A recipient of the Pew Fellowship in the Arts, Melanie Bilenker’s work is an exciting mix of technical ingenuity and profoundly intimate concept. Translating the historic art of Victorian hair jewelry into work that reflects upon the contemporary era, her delicate pendants and brooches are wearable art objects, depicting ordinary moments of everyday life—making lunch, bathing, washing dishes—with “drawings” made from resin, gold, silver, and the artist’s own hair. “I am looking for ways to conjure a sense of home for the viewer,” Bilenker states, referring to both her subject matter and the medium of human hair. “I see hair as proof of existence, a souvenir.”
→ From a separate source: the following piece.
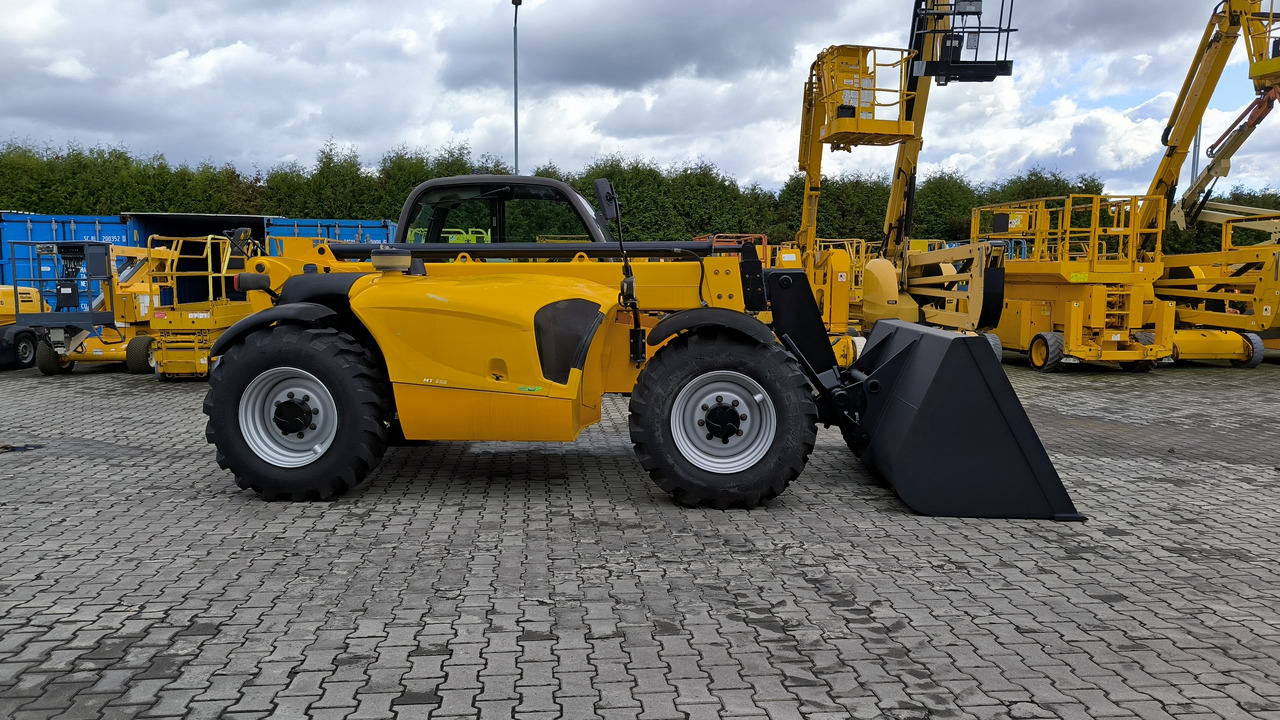 MANITOU MT 932 EASY 75 D - Cargadora de ruedas telescópica: foto 4 MANITOU MT 932 EASY 75 D - Cargadora de ruedas telescópica: foto 4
Often cited as a leader in the movement to return to craftsmanship in jewelry making, Bilenker has received commissions throughout the world. Most recently her work was included in The Smithsonian Museum of American Art’s 40 Under 40 and Jewellery Unleashed at the Museum voor Moderne Kunst, Arnhem, Netherlands. In 2014 she was featured in the exhibition at the Museum of Art And Design, New York, Multiple Exposures.
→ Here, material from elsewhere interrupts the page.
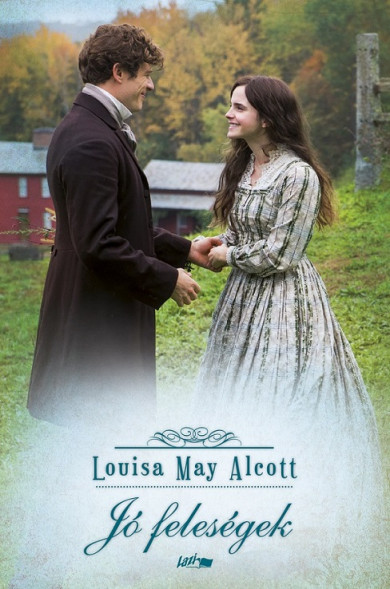 Könyv Jó feleségek (Louisa May Alcott)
Selected Public Collections
Smithsonian Museum of American Art, DC
Metropolitan Museum of Art, New York, NY
The Mint Museum in Charlotte, NC
Museum of Fine Arts, Boston, MA
National Museum of Scotland
Philadelphia Museum of Art, PA
Yale University Art Gallery, Hartford, CT
Museum of Fine Art, Houston, TX
Museum of Arts and Design, New York, NY
Newark Museum, NJ
Racine Museum of Art, Racine WI
Artist Statement
The Victorians kept lockets of hair and miniature portraits painted with ground hair and pigment to secure the memory of a lost love. In much the same way, I secure my memories through photographic images rendered in lines of my own hair, the physical remnants. I do not reproduce events, but quiet minutes, the mundane, the domestic, the ordinary moments.